The Biggest Database Professional Challenges Today

  • Comments posted to this topic are about the item The Biggest Database Professional Challenges Today

  • I can safely say my team's biggest challenges are from internal politics.

    a) Trying to poach resource or persuade VPs etc our successful, profitable team that we can work with less people

    b) Other parties adding invoicing etc to ride coat-tail, thus infuriating our clients, with whom our team is utterly transparent about what we're doing

    c) Charging other non-involved people to our project, again to ride coat-tail.

    As someone who grew up with small companies and loved the directness, I find it hard to believe this nonsense is going on.

    • This reply was modified 3 months, 2 weeks ago by  call.copse.
  • I'm nearing the end of my career. I feel that it is the way my top 3 are interlinked that give me headaches.

    One of my big 3 is keeping up with the tech changes. There has been an explosion of tech to do what we used to do in SQL Server.  SQL Server itself grew to the point where being an expert in all of it was beyond my capabilities.  Then there's the diminishing energy levels that come with age. Studying late into the night after a full day of work is challenging to say the least.

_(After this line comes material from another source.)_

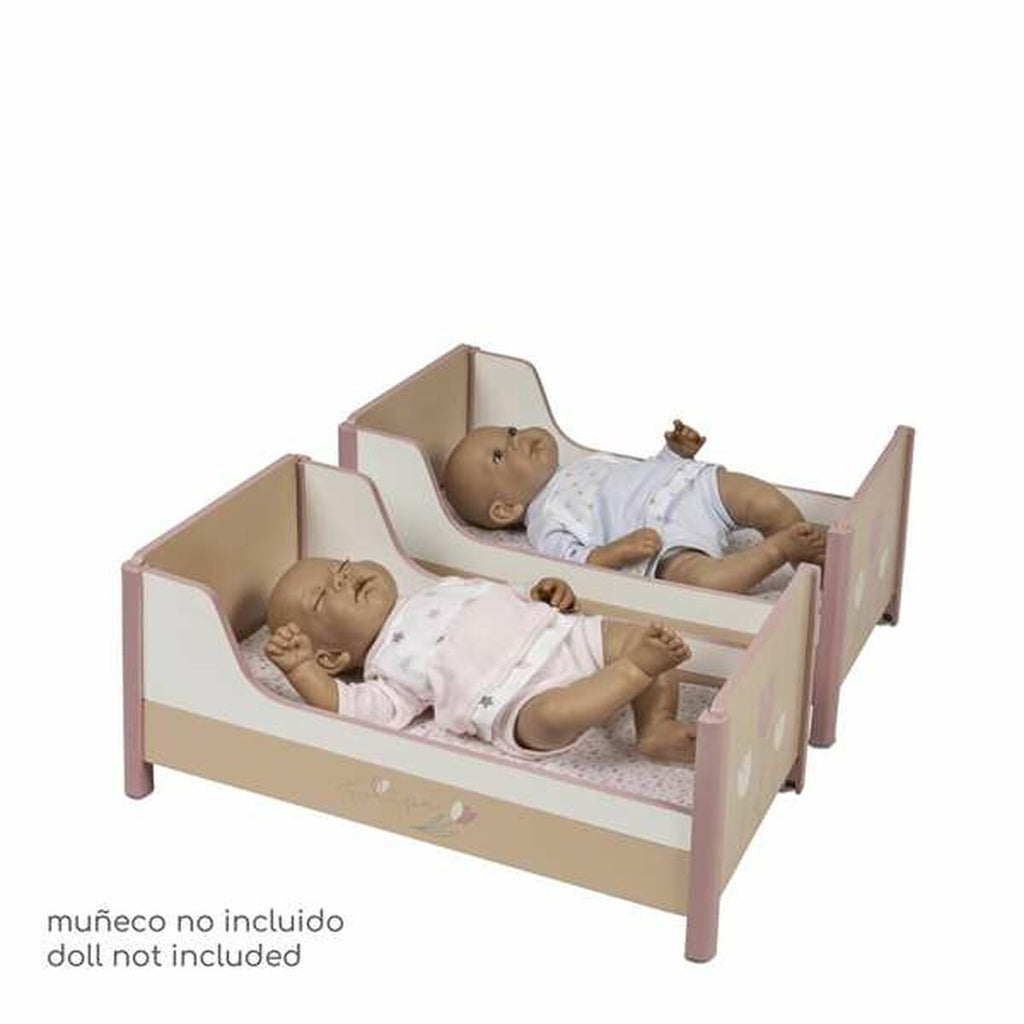 V7H22871A215589B9215D1219FC67EB8710R7064925P4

    My 2nd is the battle with age related cynicism. What we used to achieve with SQL Server, now seems to involve a lot more moving parts and complicated parts at that. Kubernetes, distributed queues, orchestration tools, polyglot DBs. To be brutally honest I don't think the data quantities have gone up that much, if at all (unless you count the bloat that comes with JSON), the data quality has definitely gone down, the speed of delivery doesn't seem any faster, even front to back latency has gone from sub-second to sub-minute.

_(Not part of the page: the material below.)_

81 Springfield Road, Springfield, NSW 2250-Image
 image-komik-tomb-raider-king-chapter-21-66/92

    Dealing with people has always been something I have found challenging. I'm less crap at it now and have both enjoyed and gained a lot from mentoring roles. I find that the push back that comes when insisting on a level of quality is very hard to tolerate. As one senior colleague put it, "I'm all for tolerance of mistakes but do they have to shoot themselves in both feet".

  • I'm not sure I can come up with three, but my top two are both dealing with other people.  First would be Managed Service Providers.  Let's take a basic task, add hours of red tape, let some fellow in India do it wrong, and then clean it up for him. It sucks the joy out of any job. Second is dealing with coworkers who don't get stuff done.  Excuse after excuse for missing deadlines, crappy code, lack of understanding of basic best practices, they just don't care.  Maybe it's because I'm more experienced than I used to be, but I'm finding I often need to put great effort into being patient and kind when dealing with incompetence.

    Be still, and know that I am God - Psalm 46:10

  • Thanks to Azure, big data, DevOps, and compliance auditing, there has been an explosion in the number of tools and topics a DBA must know to build a solution, and the IT landscape is about as stable as the Florida coastline. I'm not complaining, because a decade or more ago, I struggled with boredom - it's just challenging.

    "Do not seek to follow in the footsteps of the wise. Instead, seek what they sought." - Matsuo Basho

    1. Quibbling about spending a few £k on tools that would make development of a project worth several £m quicker and easier.
    2. Getting rid of permanent staff with years of experience of the business and then hiring consultants to do the work instead.
    3. 3rd party vendors who seem to employ a collection of unsupervised small children to do their development.
  • Chris Wooding, I really hear you about your #1. WOW, is that a huge challenge!!

    Kindest Regards, Rod Connect with me on LinkedIn.

  • My biggest challenge is probably whether to pivot to Postgres or data engineering in general, in light of the increasing market capture for PG and absorbtion of DBA activities into managed cloud solutions. If I was ten to twenty years older I wouldn't bother, but it's something I need to consider.

    https://sqlrider.net - My technical blog

  • C# developers writing TSQL Stored Procedures. I can forgive putting parentheses around IF predicates, but not all the CURSORs and WHILE loops. Also, databases generated from EF object models in Code First development. Who needs normalization? (We do.)